SECTION 2. SPECIAL MEETINGS.—Special meetings of the stockholders, for any purpose or purposes, may be called by the President, the Board of Directors, or by a majority of the stockholders entitled to vote on the business proposed to be transacted thereat. Such meetings may be held at such time and place, within or without the State of Nevada, as shall be stated in the notice of the meeting.


SECTION 3. NOTICE OF MEETINGS.—Written or printed notice, stating the place, date and time of the meeting, and, in the case of a special meeting, the purpose or purposes for which the meeting is called, shall be delivered to each stockholder entitled to vote thereat at his address as it appears on the records of the corporation, by United States mail, postage prepaid, not less than ten (10) nor more than sixty (60) days before the meeting. No business other than that stated in the notice shall be transacted at any meeting without the unanimous consent of all stockholders entitled to vote thereat.

SECTION 4. VOTING.—At each annual meeting the stockholders entitled to vote shall elect a Board of Directors, and they may transact such other corporate business as shall be stated in the notice of the meeting. The vote for Directors, and, upon the demand of any stockholder, the vote upon any question before the meeting, shall be by ballot. All elections of Directors shall be by a plurality of the votes cast, and all questions shall be decided by a majority vote, except as otherwise provided by the Articles of Incorporation or by the laws of the State of Nevada.

The Directors may prescribe a period not exceeding sixty (60) days prior to any meeting of stockholders during which no transfer of stock on the books of the corporation may be made, or may fix a day not more than sixty (60) days prior to the holding of any such meeting as the date as of which stockholders entitled to notice of and to vote at such meeting shall be determined; and only stockholders of record on such day shall be entitled to notice of or to vote at any such meeting.

Each stockholder entitled to vote, in accordance with the terms of the Articles of Incorporation and the provisions of these Bylaws, shall be entitled to one vote, in person or by proxy, for each share of stock entitled to vote held by such stockholder, but no proxy shall be voted after six (6) months from its date unless such proxy provides for a longer period. In no case shall any proxy be given for a period in excess of seven (7) years from the date of its execution.

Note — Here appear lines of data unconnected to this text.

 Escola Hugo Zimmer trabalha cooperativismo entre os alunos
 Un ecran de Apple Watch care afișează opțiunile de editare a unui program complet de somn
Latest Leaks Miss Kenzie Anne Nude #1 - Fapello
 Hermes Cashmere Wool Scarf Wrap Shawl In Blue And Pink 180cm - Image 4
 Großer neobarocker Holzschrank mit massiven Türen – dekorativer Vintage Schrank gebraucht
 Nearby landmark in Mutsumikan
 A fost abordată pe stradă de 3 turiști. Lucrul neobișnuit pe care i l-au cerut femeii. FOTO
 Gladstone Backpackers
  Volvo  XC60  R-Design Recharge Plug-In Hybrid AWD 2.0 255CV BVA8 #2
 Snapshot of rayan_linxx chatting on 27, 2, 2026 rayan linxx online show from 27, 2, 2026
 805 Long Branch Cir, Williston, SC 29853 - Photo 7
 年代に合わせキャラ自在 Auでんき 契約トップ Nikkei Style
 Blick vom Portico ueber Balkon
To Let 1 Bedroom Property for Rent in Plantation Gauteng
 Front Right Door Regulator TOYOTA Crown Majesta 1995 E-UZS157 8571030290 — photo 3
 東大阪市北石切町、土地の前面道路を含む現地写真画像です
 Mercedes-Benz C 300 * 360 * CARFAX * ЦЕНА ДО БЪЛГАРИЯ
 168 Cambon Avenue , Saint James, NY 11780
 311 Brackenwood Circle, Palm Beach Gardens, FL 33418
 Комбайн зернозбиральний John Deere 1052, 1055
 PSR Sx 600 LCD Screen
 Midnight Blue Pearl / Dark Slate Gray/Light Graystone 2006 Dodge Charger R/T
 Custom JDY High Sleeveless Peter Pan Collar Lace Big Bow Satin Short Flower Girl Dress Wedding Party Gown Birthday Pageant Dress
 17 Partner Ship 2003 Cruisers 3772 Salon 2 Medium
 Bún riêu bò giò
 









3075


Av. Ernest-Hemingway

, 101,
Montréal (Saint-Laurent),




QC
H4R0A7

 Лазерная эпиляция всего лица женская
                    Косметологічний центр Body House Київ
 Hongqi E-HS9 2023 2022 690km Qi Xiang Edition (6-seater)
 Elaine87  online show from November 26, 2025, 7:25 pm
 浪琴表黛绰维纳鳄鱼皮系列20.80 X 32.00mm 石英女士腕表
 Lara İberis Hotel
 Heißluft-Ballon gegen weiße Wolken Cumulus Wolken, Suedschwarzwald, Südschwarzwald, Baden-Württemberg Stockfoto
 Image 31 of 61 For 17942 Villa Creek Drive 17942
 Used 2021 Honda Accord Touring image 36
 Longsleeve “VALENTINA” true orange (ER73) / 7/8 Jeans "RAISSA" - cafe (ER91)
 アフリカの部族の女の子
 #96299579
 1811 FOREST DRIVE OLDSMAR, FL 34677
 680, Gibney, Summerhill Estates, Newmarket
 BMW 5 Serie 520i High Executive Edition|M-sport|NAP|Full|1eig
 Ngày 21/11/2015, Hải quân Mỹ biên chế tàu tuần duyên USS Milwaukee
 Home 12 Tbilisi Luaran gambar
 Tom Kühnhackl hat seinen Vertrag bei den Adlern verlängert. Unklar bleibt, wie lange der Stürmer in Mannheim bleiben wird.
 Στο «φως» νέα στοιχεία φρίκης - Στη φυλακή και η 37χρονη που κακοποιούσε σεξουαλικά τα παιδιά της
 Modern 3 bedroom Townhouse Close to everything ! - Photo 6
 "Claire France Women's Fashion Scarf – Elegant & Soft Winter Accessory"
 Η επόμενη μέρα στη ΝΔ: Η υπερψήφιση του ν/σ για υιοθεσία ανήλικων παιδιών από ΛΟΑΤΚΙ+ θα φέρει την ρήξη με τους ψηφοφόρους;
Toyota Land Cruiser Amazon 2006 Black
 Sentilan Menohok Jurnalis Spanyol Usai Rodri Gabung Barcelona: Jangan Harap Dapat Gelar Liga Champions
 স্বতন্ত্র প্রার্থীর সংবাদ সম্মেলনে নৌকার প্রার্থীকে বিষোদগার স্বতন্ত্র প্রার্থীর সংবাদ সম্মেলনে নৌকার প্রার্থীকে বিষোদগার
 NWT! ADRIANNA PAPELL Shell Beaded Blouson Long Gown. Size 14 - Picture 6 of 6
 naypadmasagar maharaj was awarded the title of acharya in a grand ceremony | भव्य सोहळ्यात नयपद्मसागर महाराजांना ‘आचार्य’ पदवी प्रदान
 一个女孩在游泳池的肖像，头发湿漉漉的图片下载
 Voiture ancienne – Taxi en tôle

SECTION 5. QUORUM.—Except as provided in the next section hereof, any number of stockholders together holding a majority of the stock issued and outstanding and entitled to vote thereat, who shall be present in person or represented by proxy at any meeting duly called, shall constitute a quorum for the transaction of business. If, at any meeting, less than a quorum shall be present or represented, those present, either in person or by proxy, shall have the power to adjourn the meeting from time to time, without notice other than announcement at the meeting, until the requisite amount of stock shall be present, at which time any business may be transacted which might have been transacted at the meeting as originally noticed.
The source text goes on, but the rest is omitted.